Crawled caption data:

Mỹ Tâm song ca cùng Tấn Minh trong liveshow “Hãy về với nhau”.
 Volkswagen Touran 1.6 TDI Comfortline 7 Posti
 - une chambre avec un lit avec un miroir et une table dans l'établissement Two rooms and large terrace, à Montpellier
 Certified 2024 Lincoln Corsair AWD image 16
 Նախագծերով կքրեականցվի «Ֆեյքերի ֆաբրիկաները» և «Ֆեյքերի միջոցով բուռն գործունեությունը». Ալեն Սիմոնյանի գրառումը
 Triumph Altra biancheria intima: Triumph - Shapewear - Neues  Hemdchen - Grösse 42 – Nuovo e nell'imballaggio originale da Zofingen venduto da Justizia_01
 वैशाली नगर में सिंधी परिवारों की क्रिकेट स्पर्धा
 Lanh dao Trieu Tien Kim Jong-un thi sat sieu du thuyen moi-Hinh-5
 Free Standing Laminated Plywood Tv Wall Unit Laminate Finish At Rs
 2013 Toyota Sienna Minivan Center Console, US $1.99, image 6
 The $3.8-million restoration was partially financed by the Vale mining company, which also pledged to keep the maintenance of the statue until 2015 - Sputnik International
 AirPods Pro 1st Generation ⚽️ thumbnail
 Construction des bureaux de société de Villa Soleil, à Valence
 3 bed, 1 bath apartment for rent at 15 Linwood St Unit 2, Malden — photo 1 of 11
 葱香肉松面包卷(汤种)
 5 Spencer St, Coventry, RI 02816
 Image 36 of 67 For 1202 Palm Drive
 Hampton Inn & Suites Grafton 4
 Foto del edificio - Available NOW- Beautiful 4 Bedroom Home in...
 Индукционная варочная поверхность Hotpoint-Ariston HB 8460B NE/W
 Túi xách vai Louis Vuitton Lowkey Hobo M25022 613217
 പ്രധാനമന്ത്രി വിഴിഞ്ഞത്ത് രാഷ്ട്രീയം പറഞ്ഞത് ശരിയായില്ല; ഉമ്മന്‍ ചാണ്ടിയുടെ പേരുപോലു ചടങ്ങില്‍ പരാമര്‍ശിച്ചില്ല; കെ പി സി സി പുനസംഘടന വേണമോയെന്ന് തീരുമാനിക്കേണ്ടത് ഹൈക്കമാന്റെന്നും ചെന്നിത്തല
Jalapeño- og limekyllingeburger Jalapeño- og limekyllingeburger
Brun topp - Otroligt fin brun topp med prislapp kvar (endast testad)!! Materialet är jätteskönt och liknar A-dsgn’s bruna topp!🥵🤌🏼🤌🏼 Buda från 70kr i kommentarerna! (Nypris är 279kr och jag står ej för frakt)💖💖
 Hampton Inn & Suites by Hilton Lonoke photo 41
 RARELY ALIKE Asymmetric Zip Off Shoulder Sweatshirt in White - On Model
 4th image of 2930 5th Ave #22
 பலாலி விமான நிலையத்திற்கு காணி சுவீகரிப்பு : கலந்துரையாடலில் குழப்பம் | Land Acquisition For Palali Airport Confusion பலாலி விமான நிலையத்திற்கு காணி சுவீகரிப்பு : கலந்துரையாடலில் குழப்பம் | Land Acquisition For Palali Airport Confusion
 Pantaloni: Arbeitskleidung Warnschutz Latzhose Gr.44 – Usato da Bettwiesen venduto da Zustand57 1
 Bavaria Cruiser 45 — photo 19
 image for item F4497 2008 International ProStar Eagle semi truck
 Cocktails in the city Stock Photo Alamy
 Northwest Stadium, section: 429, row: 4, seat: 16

= Problem statement =
Please reproduce the lines from the line with "Free Standing Laminated" to the line with "Jalapeño- og limekyllingeburger Jalapeño- og", both ends included, exactly as they appear above.

= Expected answer =
 Free Standing Laminated Plywood Tv Wall Unit Laminate Finish At Rs
 2013 Toyota Sienna Minivan Center Console, US $1.99, image 6
 The $3.8-million restoration was partially financed by the Vale mining company, which also pledged to keep the maintenance of the statue until 2015 - Sputnik International
 AirPods Pro 1st Generation ⚽️ thumbnail
 Construction des bureaux de société de Villa Soleil, à Valence
 3 bed, 1 bath apartment for rent at 15 Linwood St Unit 2, Malden — photo 1 of 11
 葱香肉松面包卷(汤种)
 5 Spencer St, Coventry, RI 02816
 Image 36 of 67 For 1202 Palm Drive
 Hampton Inn & Suites Grafton 4
 Foto del edificio - Available NOW- Beautiful 4 Bedroom Home in...
 Индукционная варочная поверхность Hotpoint-Ariston HB 8460B NE/W
 Túi xách vai Louis Vuitton Lowkey Hobo M25022 613217
 പ്രധാനമന്ത്രി വിഴിഞ്ഞത്ത് രാഷ്ട്രീയം പറഞ്ഞത് ശരിയായില്ല; ഉമ്മന്‍ ചാണ്ടിയുടെ പേരുപോലു ചടങ്ങില്‍ പരാമര്‍ശിച്ചില്ല; കെ പി സി സി പുനസംഘടന വേണമോയെന്ന് തീരുമാനിക്കേണ്ടത് ഹൈക്കമാന്റെന്നും ചെന്നിത്തല
Jalapeño- og limekyllingeburger Jalapeño- og limekyllingeburger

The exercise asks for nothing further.